HACKER Q&A
📣 pcdoodle

Alternative to Namecheap?


I really liked this company. However, persistence of the web is too important for me to trust that 10 years from now, something I write on a website will be deemed unacceptable and everything gets flushed. Domains are the ultimate form of control and having a whole country banned just blows my mind. What about dissent from within? What about services that might keep the conversation going?

I'm hoping for recommendations for companies that have a history of supporting the free and open web no matter the hot item of the day / year / decade.


  👤 version_five Accepted Answer ✓
I'd like to switch away from namecheap as well, but realistically, if the mob comes for you, you're sol I think unless maybe there is a dark web solution.
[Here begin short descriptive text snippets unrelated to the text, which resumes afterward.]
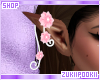 |Z| Flower Ears V1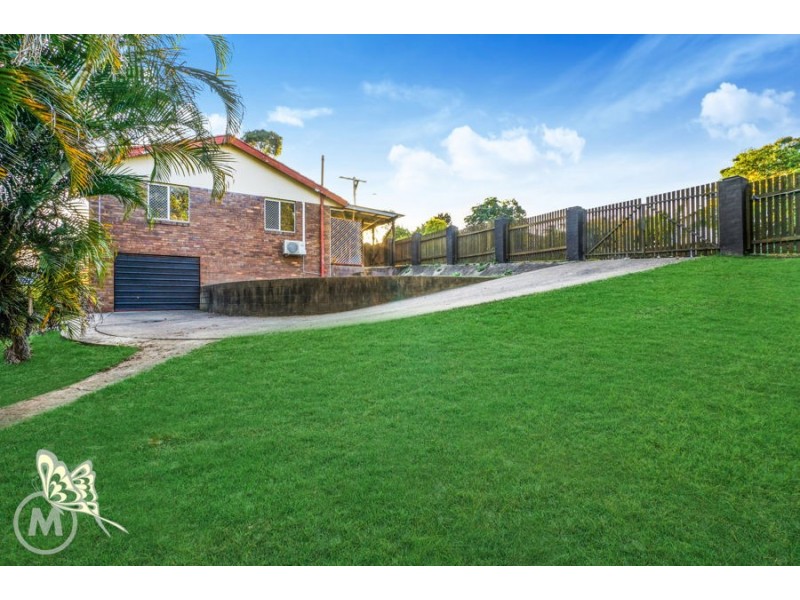 1 Cestrum Street, Arana Hills QLD 4054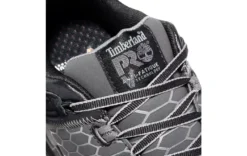 Timberland Pro Shoes: Men's A1I4S Black Grey PowerTrain Sport Alloy Toe Athletic Work Shoes 12 Timberland Pro Shoes: Men's A1I4S Black Grey PowerTrain Sport Alloy Toe Athletic Work Shoes -Men Shoes Store download 2022 02 21t134911.186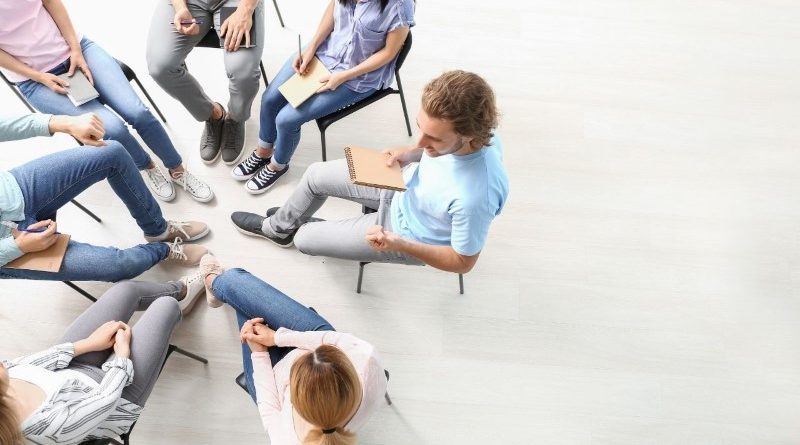 גמילה מגראס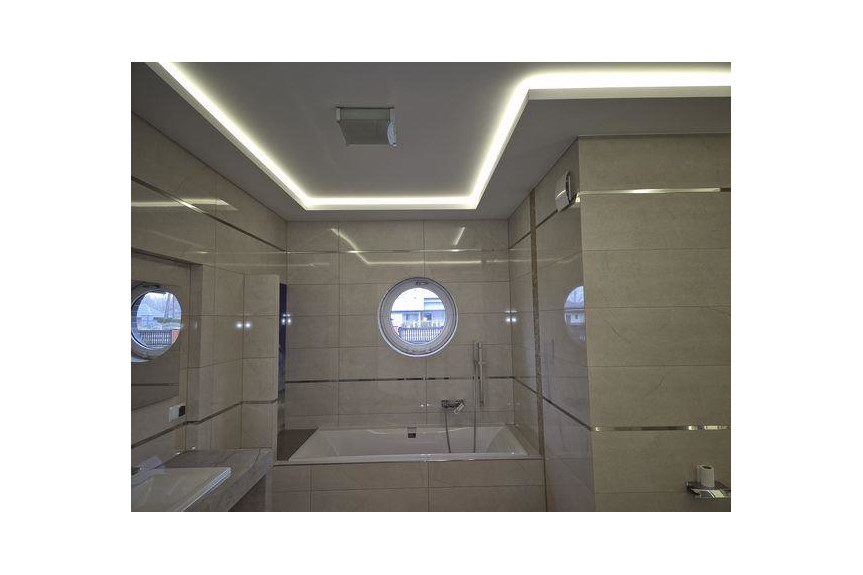 radomski, Kowala, August&oacute;w, Zabierz&oacute;w, KUP BEZ PROWIZJI !! NOWA ZABUDOWANA NIERUCHOMOŚĆ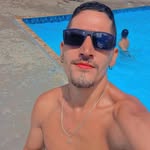 Jean Campos - @jeean_campos - Instagram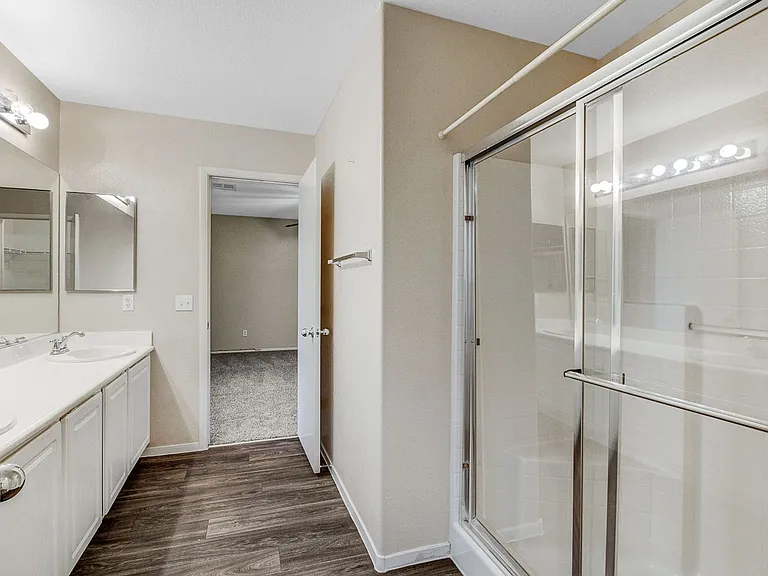 10115 Lemon Thyme St — Photo 22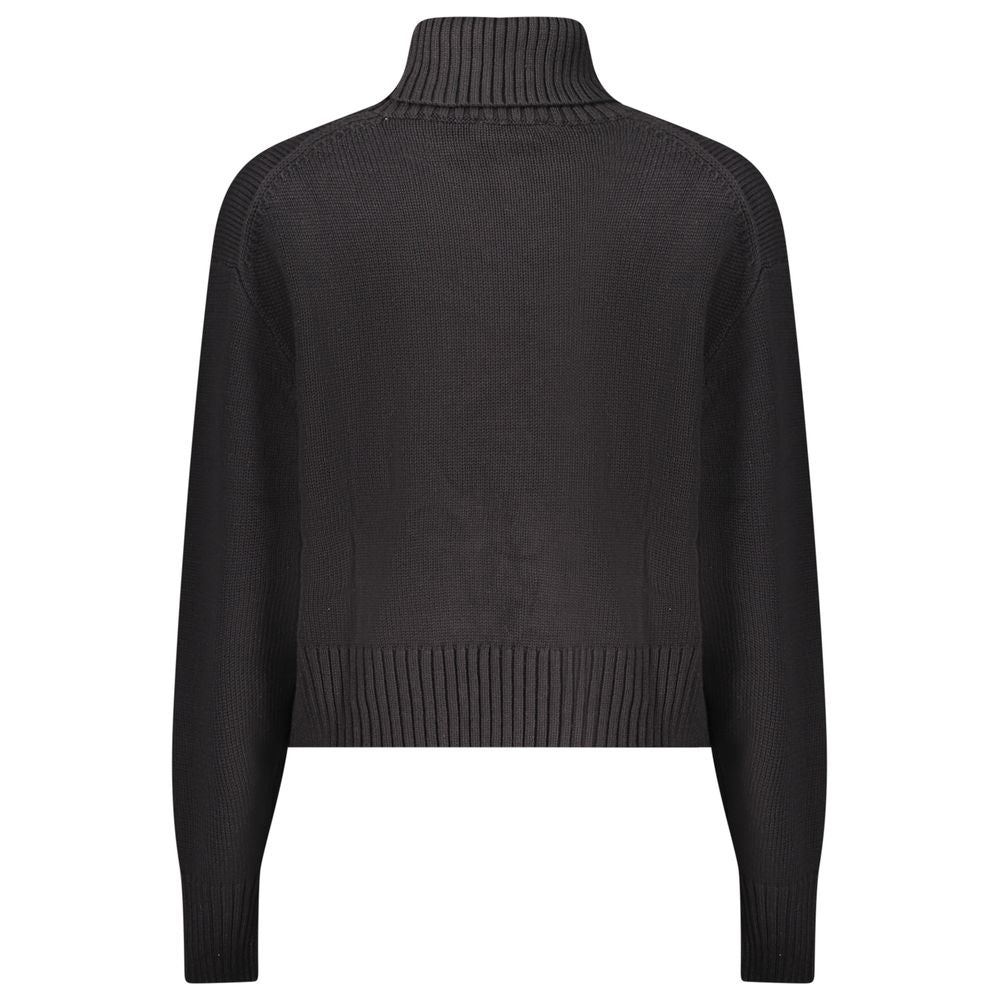 Sweater Calvin Klein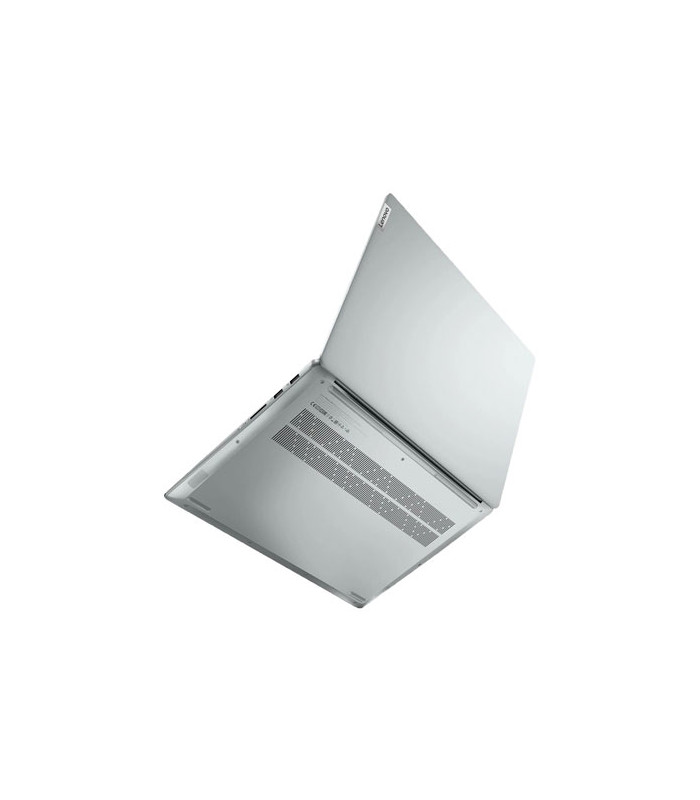 لپ تاپ 16.0 اینچی لنوو مدل IdeaPad 5 Pro-C Core i7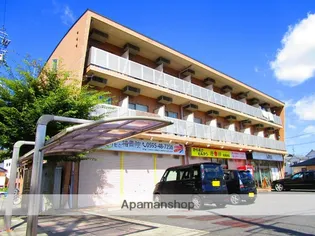 クリサンテーム21の画像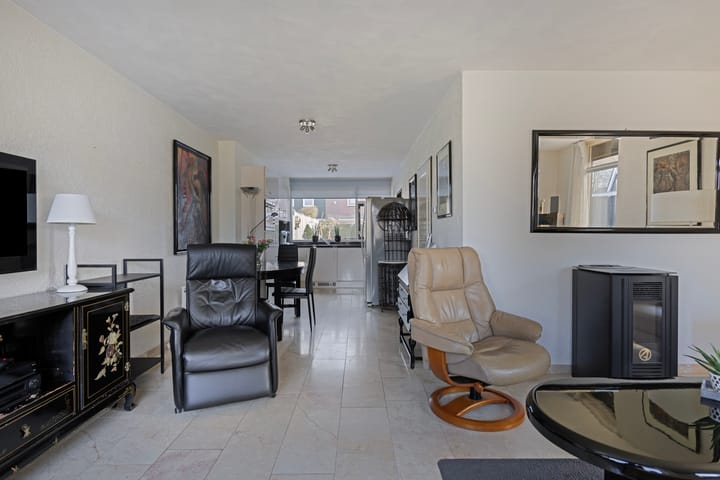 Foto 9 van Willem Dreeslaan 62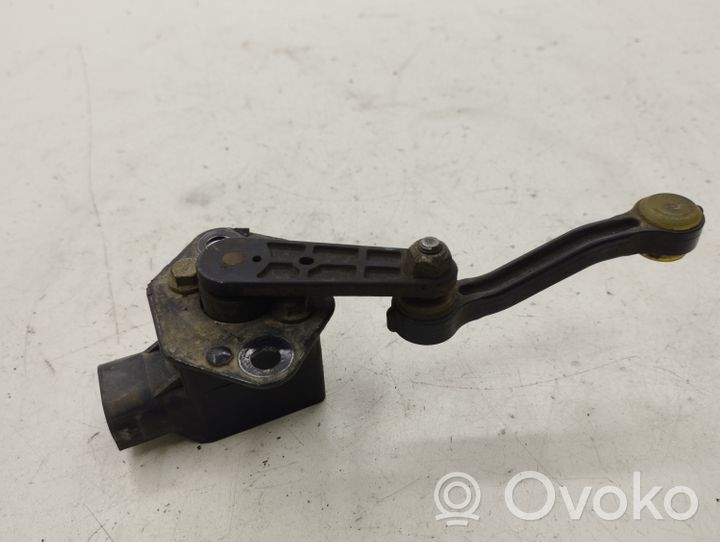 Mercedes-Benz E W211 Sensore di livello faro/fanale A0105427717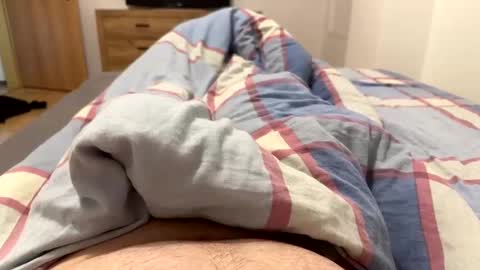 maxmusterfrau12 online show from 02-09-25, 11:25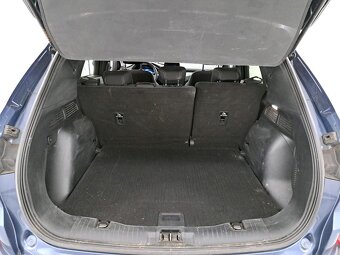 KUGA 1.5 ECOBLUE Automat 1. majiteľ r.v.2022 ODPOCET - 12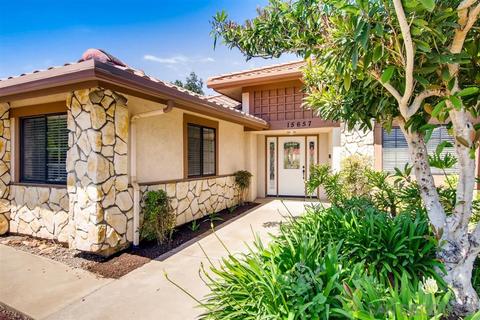 15657 Cathedral Way, Ramona, CA 92065 photo 4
I use AWS, Microsoft, google, etc, (not to mention Canadian banks) I think all of those are just as likely as namecheap to be subject to political whims. And of you cant pay whichever provider you use, the point is moot anyway. Maybe having redundant providers that are as politically decoupled as possible is a potential hedge?


👤 lmarcos
Gandi. Been a customer for years. Zero complaints.

👤 Engineering-MD
While I understand your point, withdrawing your services to a nation that is invading your country does seem reasonable (to me anyway), and I can see many companies doing something similar when push comes to shove.

👤 prirun
I have used NameSilo for many years, since it was a couple of guys starting it.

👤 janedoegrrr

👤 foxbee
I switched to Google and it's been great. The UI/UX around management is much better/easier.